» What is being asked
When copying the data below, keep only the lines from the one with "Papenoʻo Beach, Tahiti" through the one with "Used 2025 GMC", word for word, and skip the pictures.

» Input data
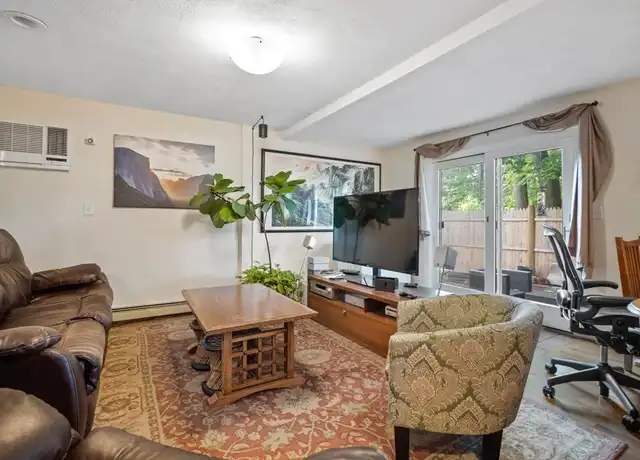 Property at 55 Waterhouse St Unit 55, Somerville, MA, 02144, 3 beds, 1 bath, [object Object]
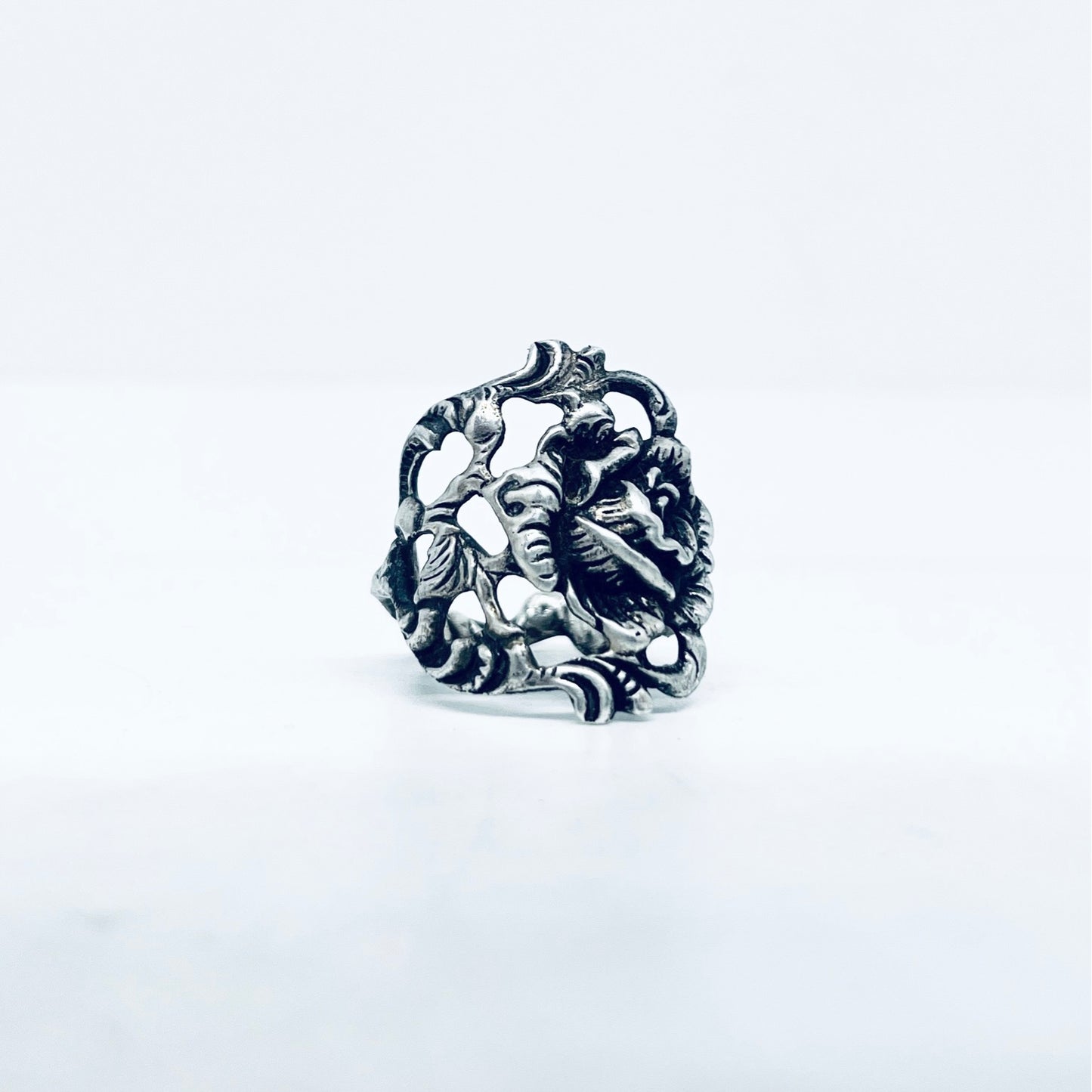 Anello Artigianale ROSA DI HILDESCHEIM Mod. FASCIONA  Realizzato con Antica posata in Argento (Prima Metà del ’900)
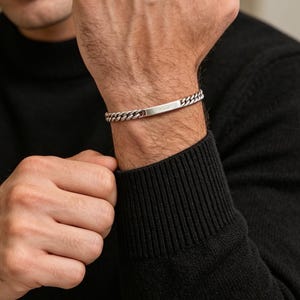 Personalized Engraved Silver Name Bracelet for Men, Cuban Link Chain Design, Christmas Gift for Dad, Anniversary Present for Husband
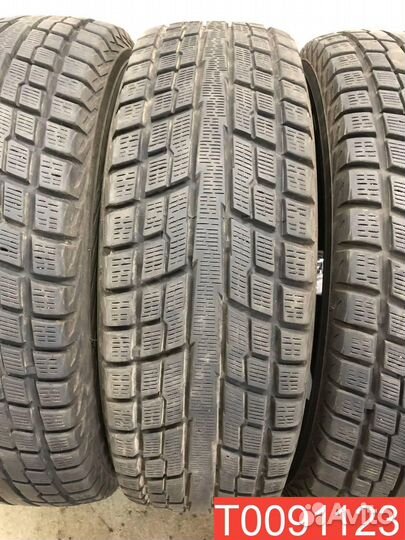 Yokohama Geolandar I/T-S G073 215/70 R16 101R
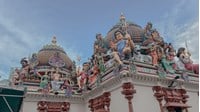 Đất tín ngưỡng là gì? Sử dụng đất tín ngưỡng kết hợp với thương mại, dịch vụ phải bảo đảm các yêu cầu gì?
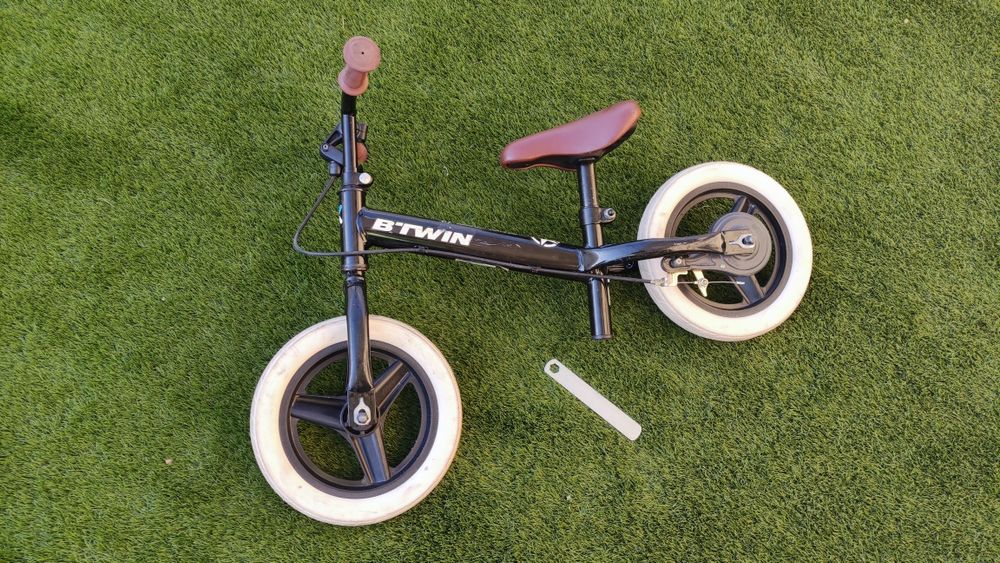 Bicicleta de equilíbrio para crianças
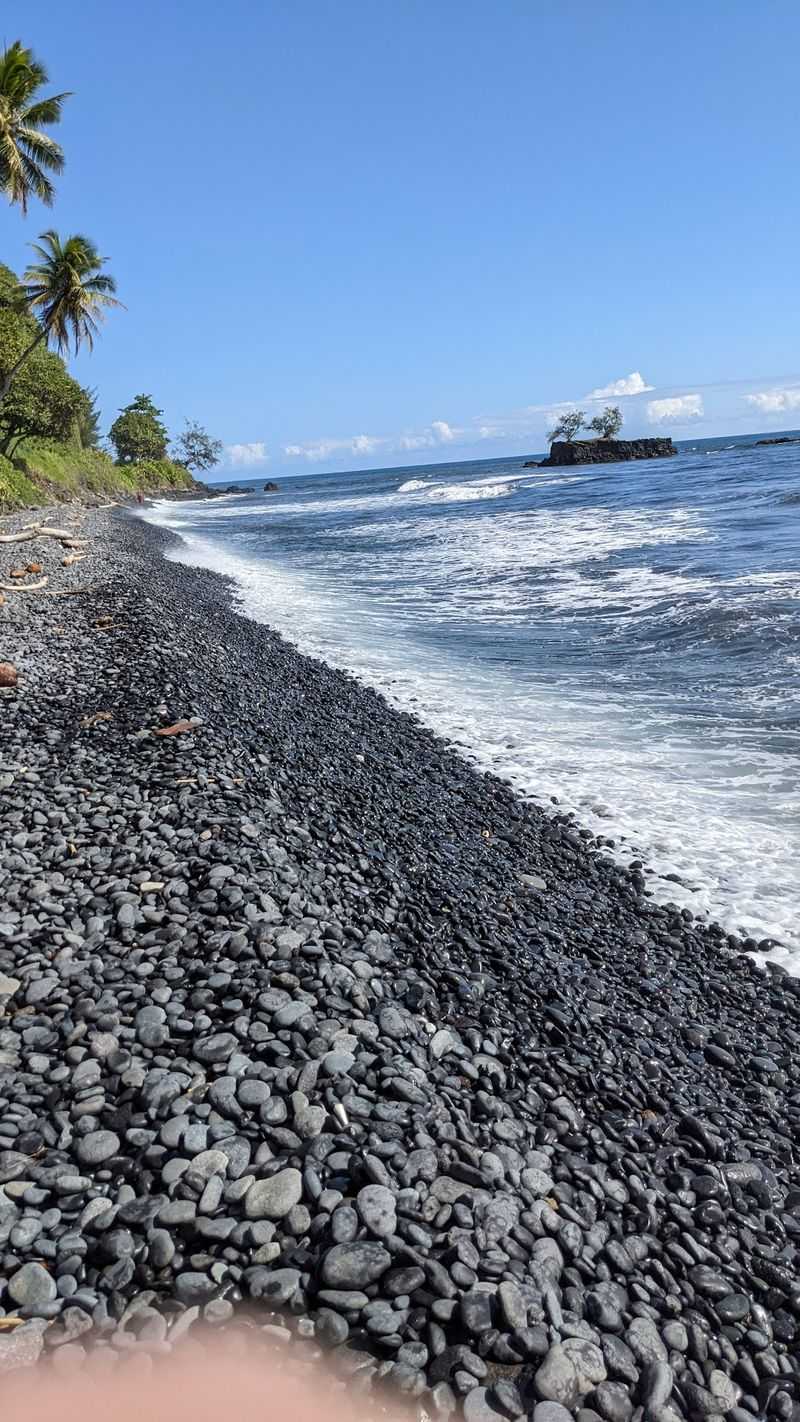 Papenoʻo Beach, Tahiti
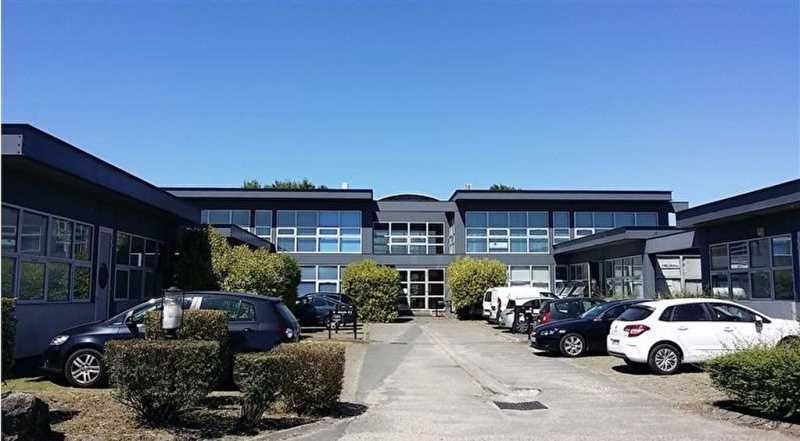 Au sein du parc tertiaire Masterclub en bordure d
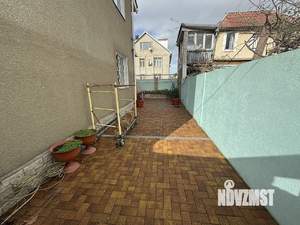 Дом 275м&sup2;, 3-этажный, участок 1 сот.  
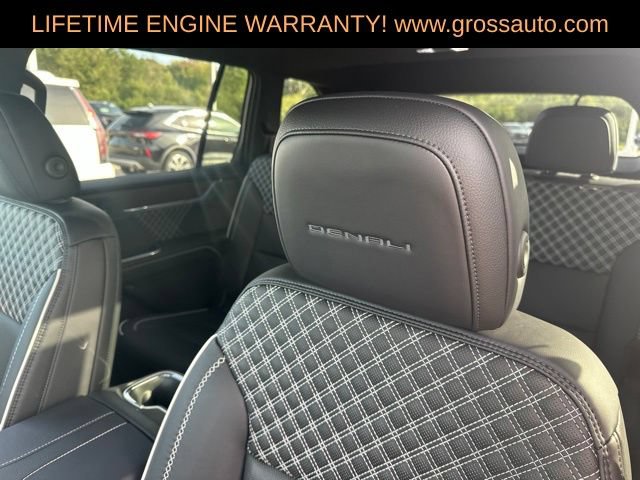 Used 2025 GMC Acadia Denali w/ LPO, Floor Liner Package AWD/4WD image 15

* * *

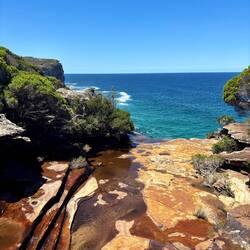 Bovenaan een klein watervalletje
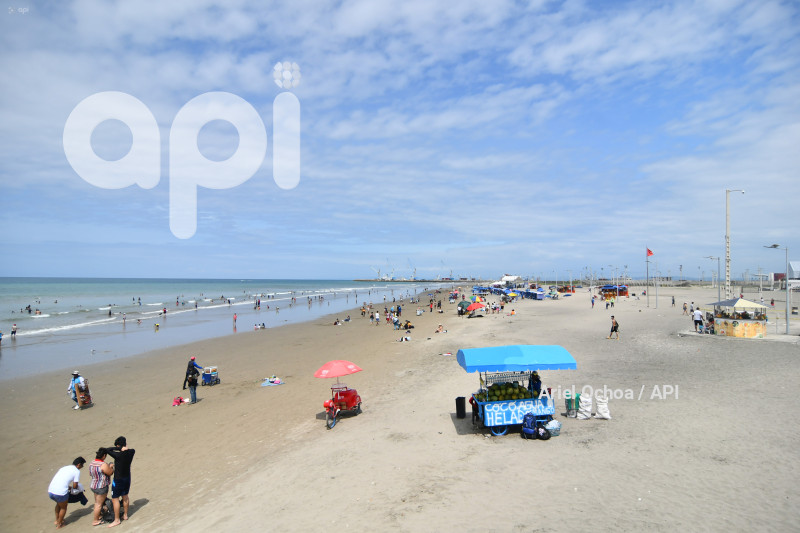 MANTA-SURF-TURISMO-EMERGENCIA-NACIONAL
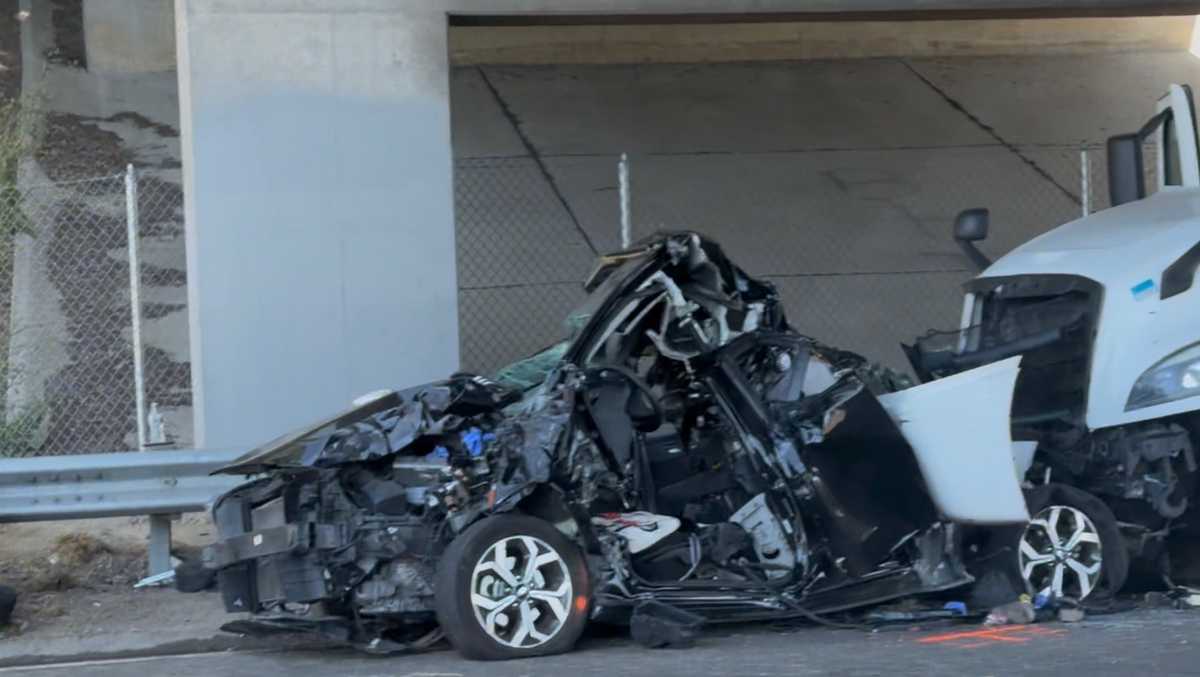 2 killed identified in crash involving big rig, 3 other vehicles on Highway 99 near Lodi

...

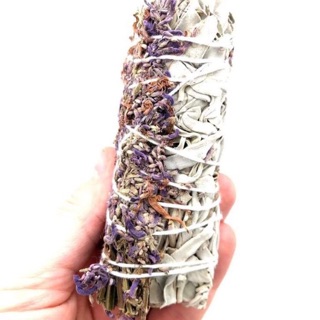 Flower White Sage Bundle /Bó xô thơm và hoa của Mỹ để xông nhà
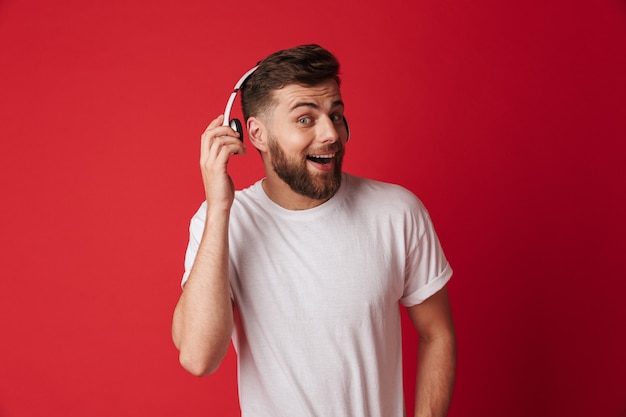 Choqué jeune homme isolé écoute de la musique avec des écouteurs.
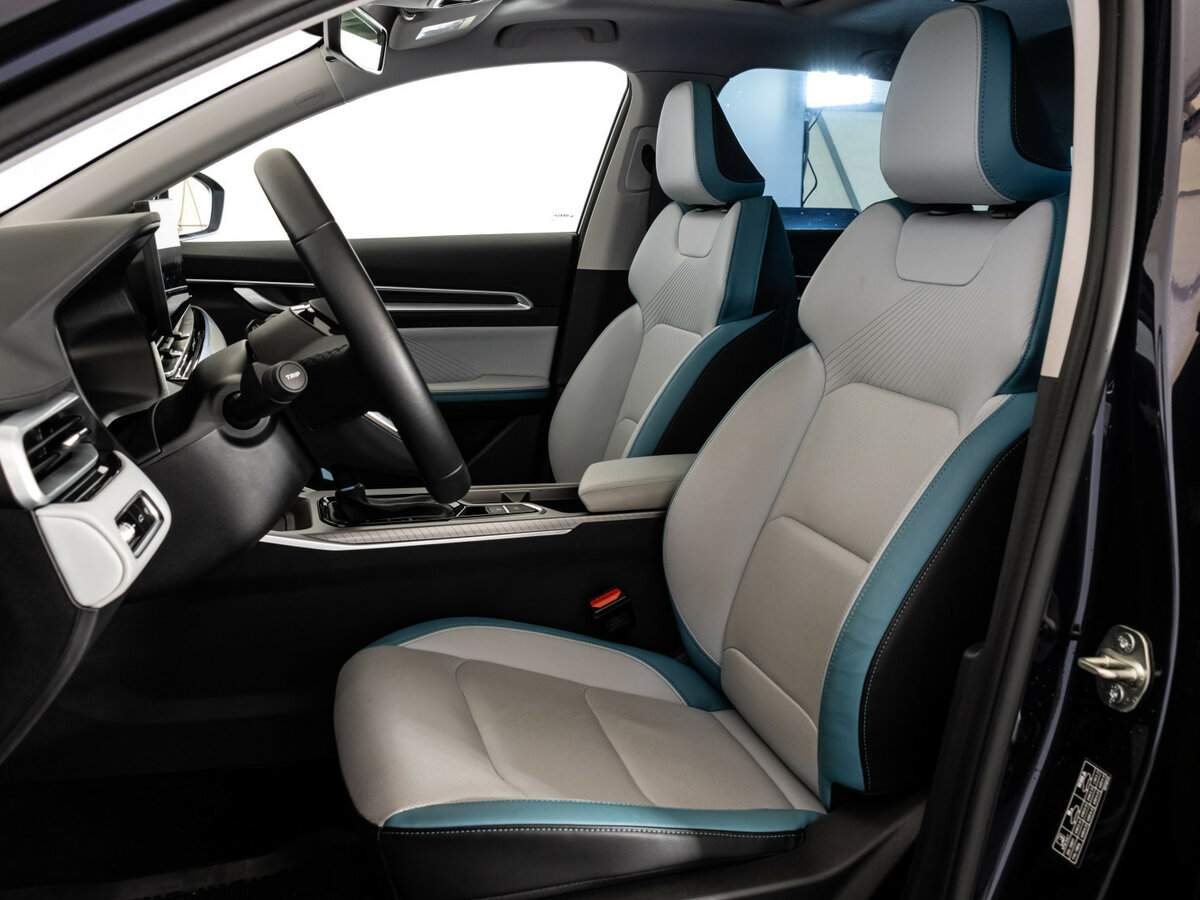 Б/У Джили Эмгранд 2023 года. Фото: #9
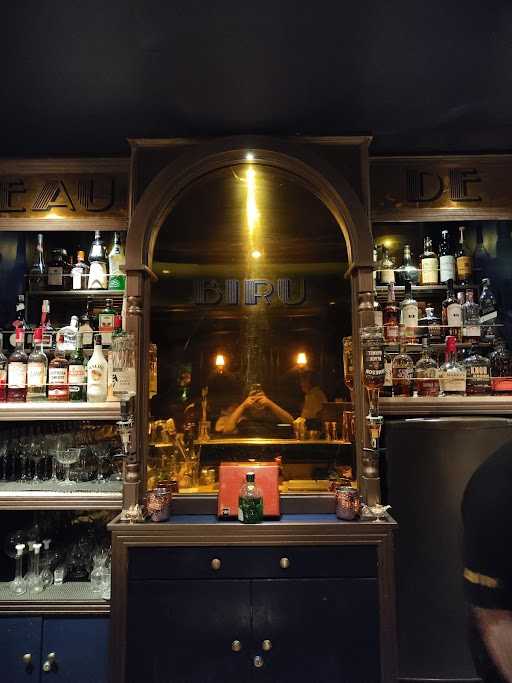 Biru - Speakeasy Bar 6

» Task answer
 Papenoʻo Beach, Tahiti
 Au sein du parc tertiaire Masterclub en bordure d
 Дом 275м&sup2;, 3-этажный, участок 1 сот.  
 Used 2025 GMC Acadia Denali w/ LPO, Floor Liner Package AWD/4WD image 15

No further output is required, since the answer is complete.